17. The District Court, by order dated 19.07.2005, held that the Tribunal was correct in holding that time was not the essence of the contract and only the losses actually suffered could be granted. However, the District Judge modified the costs of arbitration from Rs.25 lakhs to Rs.9,40,000/-.

18. Both parties, aggrieved by the order of the District Judge, appealed the same before the High Court of Uttarakhand in AO Nos.472 of 2005 and 466 of 2005 under Section 37 of the Arbitration and Conciliation Act, 1996. The High Court, by impugned order dated 14.10.2008 held that both the arbitral award and order of the District Judge erred in construction of the contract with respect to whether time was the essence or not.

Further, the High Court has reasoned that the Arbitral Tribunal as well as District Judge committed gross error in arriving at a conclusion that ONGC had to prove loss suffered before recovering any damages. Moreover, the decree in respect of cost of arbitration was upheld by the High Court. Accordingly, AO No.472 of 2005 filed by ONGC was allowed and AO No.466 of 2005 filed by Remi Metals (now Welspun) was dismissed.

19. Aggrieved by the aforesaid order, review petitions being Review Petition Nos.1340 of 2008 and 1339 of 2008 were filed which were disposed of with the following observation:

“The judgement and order passed by the District Judge, Dehradun, in Arbitration Case No.31 of 2004 dated 19th July, 2005, is modified to the extent that the appeal with regard to Claim Nos. 1 and 2 is allowed, while the judgement and order dated 19th July, 2005, passed by the District Judge, Dehradun, shall remain intact with regard to claim Nos. 3 to 7.”

20. Aggrieved by the order passed in the review petitions, both parties have filed these appeals before this Court.

21. Mr. Shyam Divan, learned senior counsel, appearing for Remi Metals (now Welspun), has submitted that:

  • The view taken by the Arbitral Tribunal was reasonable, plausible and can be sustained.
  • Time was not the essence of the contract, as the contract provided for extension of time as well as for liquidated damages.
  • Further, once ONGC waived the liquidated damages in the first two extensions, they could not have claimed liquidated damages for further extensions of delivery date.
  • This Court should not interfere or set aside awards in a casual manner, while doing so this Court should come to a clear understanding that the award was patently illegal. [See Associate Builders v.
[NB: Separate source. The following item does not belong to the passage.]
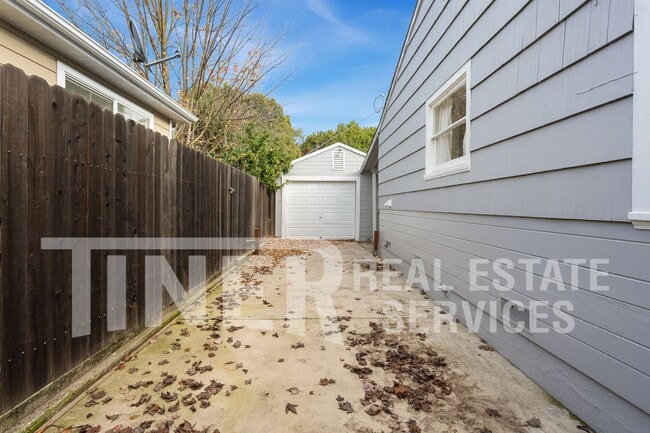 Building Photo - 4739 61st St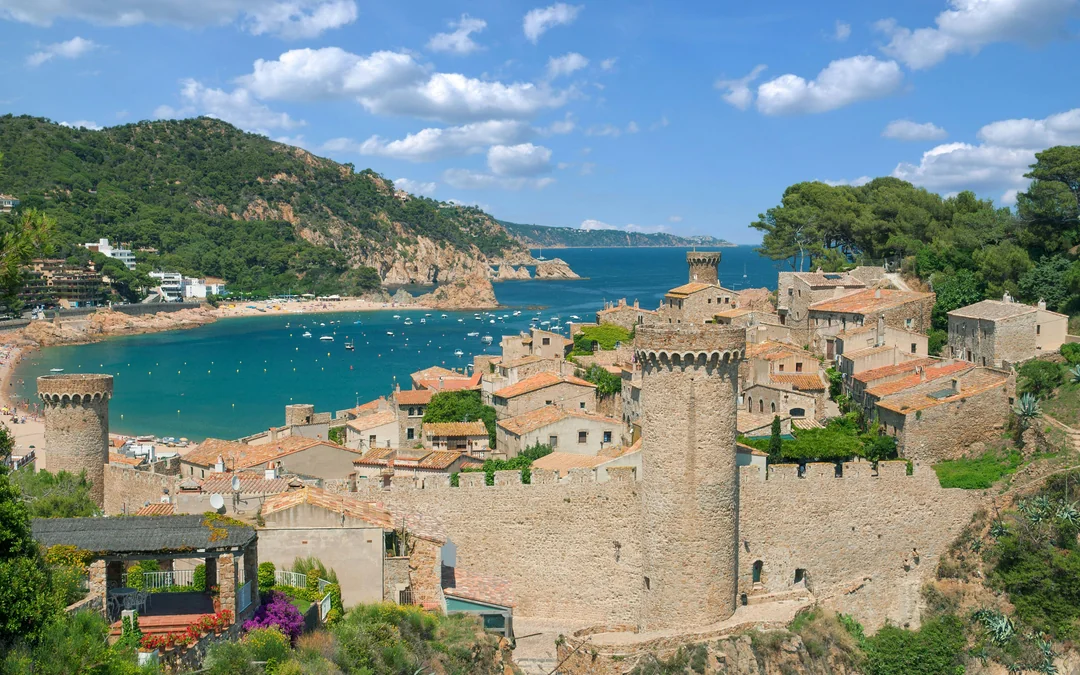 From Barcelona: Girona & Tossa de Mar Day Trip Image 1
Delhi Development Authority (2015) 3 SCC 49 pg. 67]

22. Learned Counsel appearing for ONGC has submitted that:

  • That the imposition of liquidated damages has already been upheld under similar circumstance by earlier judgment in ONGC Ltd. v. Saw Pipes Ltd. (2003) 5 SCC 705.
  • The award cannot be sustained as in a contract having provision for liquidated damages, unliquidated damages cannot be given.
  • Reading of the contract makes it clear that the time was of the essence, which was also signified in every extension given.
  • The award interprets the contractual clauses in a manner which is not reasonable and plausible.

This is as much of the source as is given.